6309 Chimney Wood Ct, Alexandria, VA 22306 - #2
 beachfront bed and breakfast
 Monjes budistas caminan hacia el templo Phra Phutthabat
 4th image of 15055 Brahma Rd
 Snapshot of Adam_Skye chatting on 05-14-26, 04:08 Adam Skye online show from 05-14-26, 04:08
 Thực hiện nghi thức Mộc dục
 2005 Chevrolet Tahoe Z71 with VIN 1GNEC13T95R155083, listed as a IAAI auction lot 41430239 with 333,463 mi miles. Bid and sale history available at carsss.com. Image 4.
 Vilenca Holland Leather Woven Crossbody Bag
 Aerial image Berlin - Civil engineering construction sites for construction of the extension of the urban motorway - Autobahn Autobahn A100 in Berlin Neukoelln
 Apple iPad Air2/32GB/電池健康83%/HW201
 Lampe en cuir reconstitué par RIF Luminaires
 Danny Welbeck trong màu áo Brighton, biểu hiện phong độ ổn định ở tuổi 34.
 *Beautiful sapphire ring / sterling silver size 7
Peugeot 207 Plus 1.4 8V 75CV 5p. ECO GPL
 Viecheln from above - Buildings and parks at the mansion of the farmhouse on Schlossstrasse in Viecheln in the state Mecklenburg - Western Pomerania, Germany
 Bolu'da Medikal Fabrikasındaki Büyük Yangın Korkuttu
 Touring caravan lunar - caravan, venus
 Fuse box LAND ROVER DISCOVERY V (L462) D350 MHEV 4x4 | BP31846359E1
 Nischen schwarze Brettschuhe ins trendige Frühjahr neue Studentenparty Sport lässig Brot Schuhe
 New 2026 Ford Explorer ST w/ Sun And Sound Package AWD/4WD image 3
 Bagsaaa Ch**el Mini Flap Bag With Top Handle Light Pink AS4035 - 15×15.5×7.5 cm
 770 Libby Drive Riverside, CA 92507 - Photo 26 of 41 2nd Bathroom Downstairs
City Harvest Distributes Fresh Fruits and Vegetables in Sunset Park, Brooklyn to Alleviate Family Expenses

- - - - - - -

- _PROBLEM DETAILS_
Please copy exactly, and only, the lines running from the one containing "770 Libby Drive" through the end of the listing.

- _WRITTEN RESPONSE_
 770 Libby Drive Riverside, CA 92507 - Photo 26 of 41 2nd Bathroom Downstairs
City Harvest Distributes Fresh Fruits and Vegetables in Sunset Park, Brooklyn to Alleviate Family Expenses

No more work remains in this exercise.